Using CLR integration to compress BLOBs/CLOBs in SQL Server 2005

  • I have not tried SQLCompress.NET.  We are less inclined to use smaller third party add ons.  Not that they're bad, but in the end, the corporate red-tape involved in getting them in house and supportable exceeds the cost of building some of those capabilities ourselves... not to mention the general hassle of dealing with "the man".

    Thanks!

  • JoeA (3/5/2007)


    Hi Yoel - I enjoyed your article on blob compression - but I believe there is a bug in the compression function...

    .....I determined that the cause of the problem is that the blobData.Length (the length of the byte array) value is not reliable - it didn't actually match the length of the blob data. It was often 6-8K when the actual data was much smaller, even zero length. If I use blob.Length (the length of the SqlBytes parameter) when writing to the compression stream, I got the results I expected.

    Just wanted to let you and the readers know what I found... please validate as you see fit

    Oh, BTW - We are thinking about using blob compression to reduce our SAN chargeback costs (which are insanely high) - the blob data we're compressing needs to be online with the active data in our application, but isn't updated after it's inserted, and isn't selected very often relative to the rest of the data; so the compute costs are manageble.
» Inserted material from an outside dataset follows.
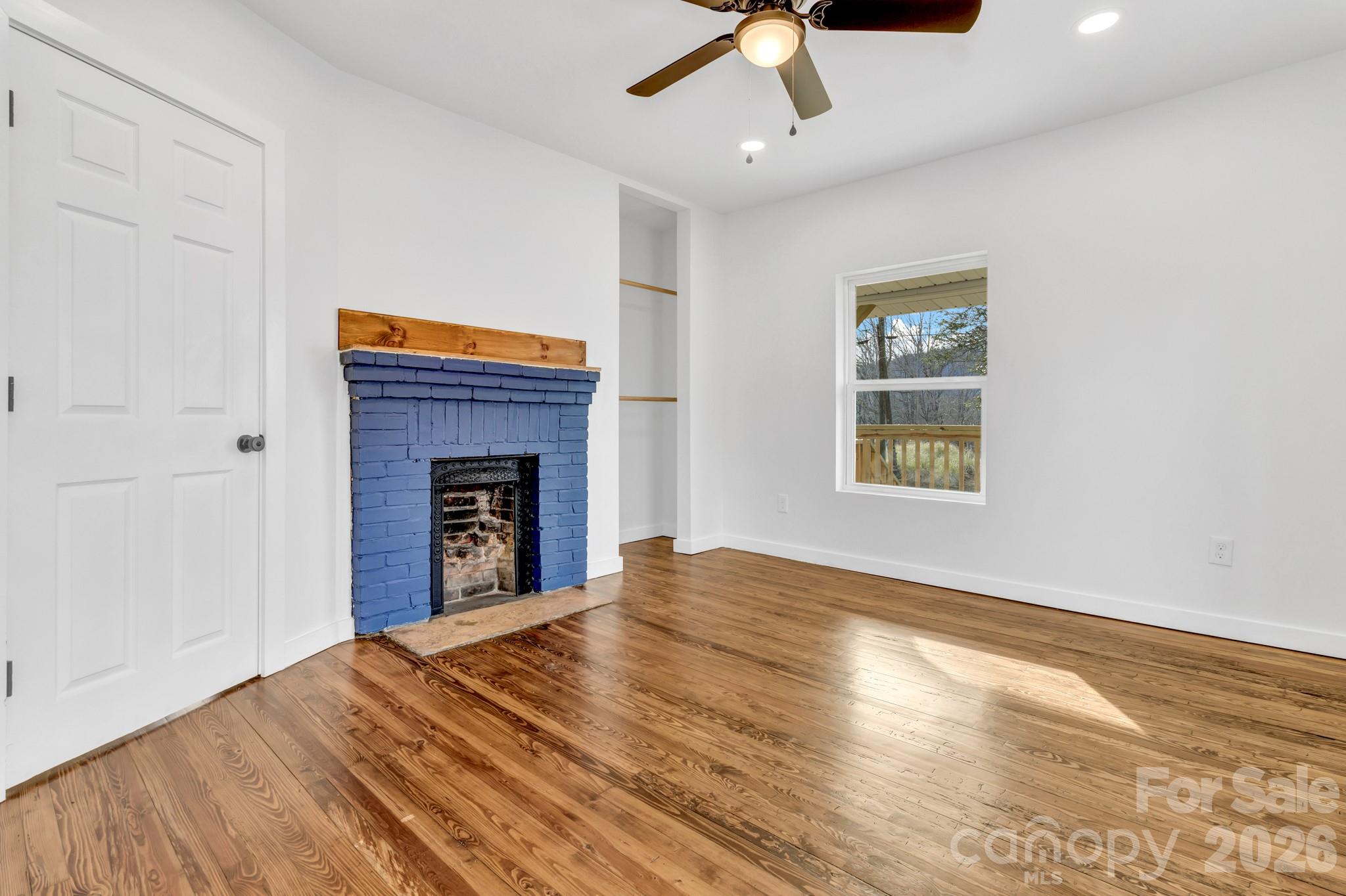 246 Marion Street Marion, NC 28752 - Photo 22 of 48 an empty room with ceiling fan and window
    MANY MANY THANKS, JoeA!!!

    I was also hit by this exact bug.

    Compress/Decompress simply corrupted the data... Decompression actually blew it even bigger.

    So this one change fix my issue.

    (SQL 2005 SP2 build 2005.090.3073.00, btw.)

    Also THANKS to Yoel!!

    This solution should actually work well for document archiving (my exact case). The BLOB data is still available to the users, but actual usage of it is low. Thusly, the performance is non-issue at all. But the space savings and availability is a huge benefit.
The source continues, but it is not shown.